Kaybetmenin gerçek hikayesi
Çocukken bisikleti olanlar ve olmayanlar olarak ikiye ayrılırdık. Kazananlar ve kaybedenler olarak ikiye ayrılmanın sağlam bir kriteridir bisiklet.
Ailelerinin caddede araba çarpar diye sakındığı için satın aldırmadığı bisikletin hayalini merdiven boşluğuna kaldıran apartman çocukları vardır.
Tıpkı uçurtma uçurmayı bilmeyen, gökyüzüne uzak çocukların var olduğu gibi. Bir kere elinden kaçtığında hep kaçırdığın bir şeydir bu uçurtma da. Kaybetmeyi öğrenmenin en saf hali.
En sevdiklerini doğuştan kaybetmiş, hayata herkesten geride başlayıp kendini yoktan var etmiş, geleceğin kahraman ruhlu çocuklarının hayatındaki derin kayıplardan daha sıradan görünse de bu kaybedişler, yine de çocukluğun eksi hanesine bize görünmeden yazılır.
Yüzmeyi çocukken öğrenmedin mi? 45 yaşında da öğrenebilirsin. Kazanmanın kutsanmış bir zamanı yoktur yaşadıkça.
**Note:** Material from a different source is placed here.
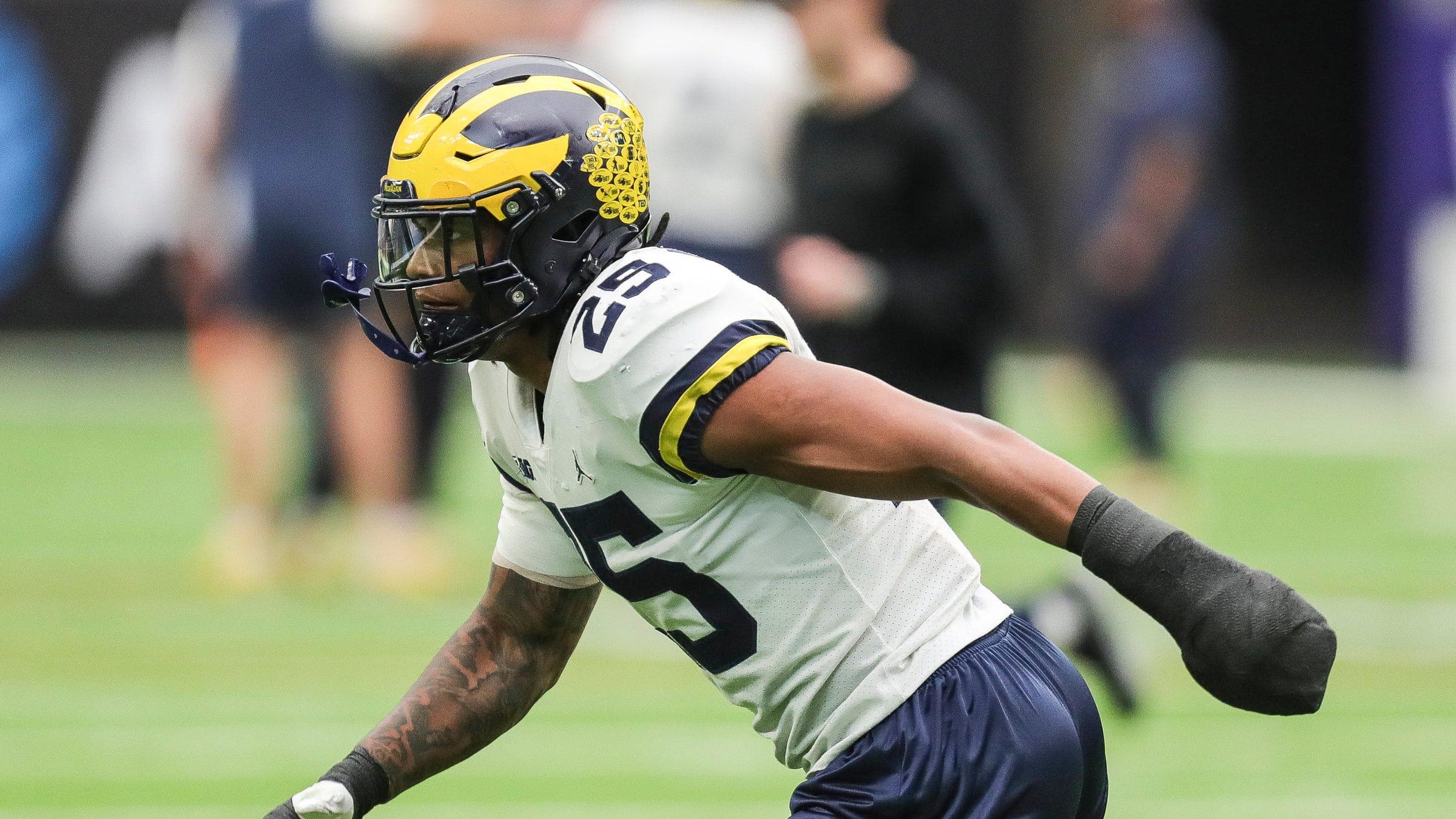 Michigan linebacker Junior Colson (25) runs a drill during open practice at NRG Stadium in Houston.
Ama denizi kaybetmekten korkarak yaşayamazsın. Denize sahip olmaya çalışmazsın ve onu bir gün kaybedebileceğini bilirsin. Bu yüzden ilk fırsatta tekrar gidersin yanına. Büyümek budur.
Hiç kaybetmeyeceğini sanıp umarsızca harcadığın, hiç ettiğin her şey, sana tek bir şeyi gösterir: Kaybetmek, bu dünya üzerinde herhangi bir şeyin aslını, özünü, ruhunu kaybetmektir. Kendi ruhunu kendi bedeninde tutar ama gerçekten yaşamazsın. Bir insanın bedenini yanında tutabilir, yine de onun ruhuna ulaşamazsın. Yazma ruhunu kaybedersen en güzel hikayelere sahip olsan dahi onları yazamaz, okuma ruhunu kaybedersen evini boydan boya kütüphaneyle donatmış olsan beynini başka şeylerle uyuşturup durursun. Herhangi bir şeyin ruhunu kaybetmek, onu sonsuza kadar kaybetmektir.
Kaybetmek, ruhun ve bedenin farklı yerlerde gezindiği araflarda beslenen bir böcektir. Öldürmek üzere peşine düştüğün ve yatağın altına girdikten sonra orada kendi kendine kalp krizi geçireceğini varsaymakla kendini kandırdığın bir böcek.
Fernando Pessoa, Huzursuzluğun Kitabı’nda bence gerçek kaybedişi şu cümleyle özetler: “Çünkü, gördüğüm şeylerin boyundayım ben, kendi boyumda değil.”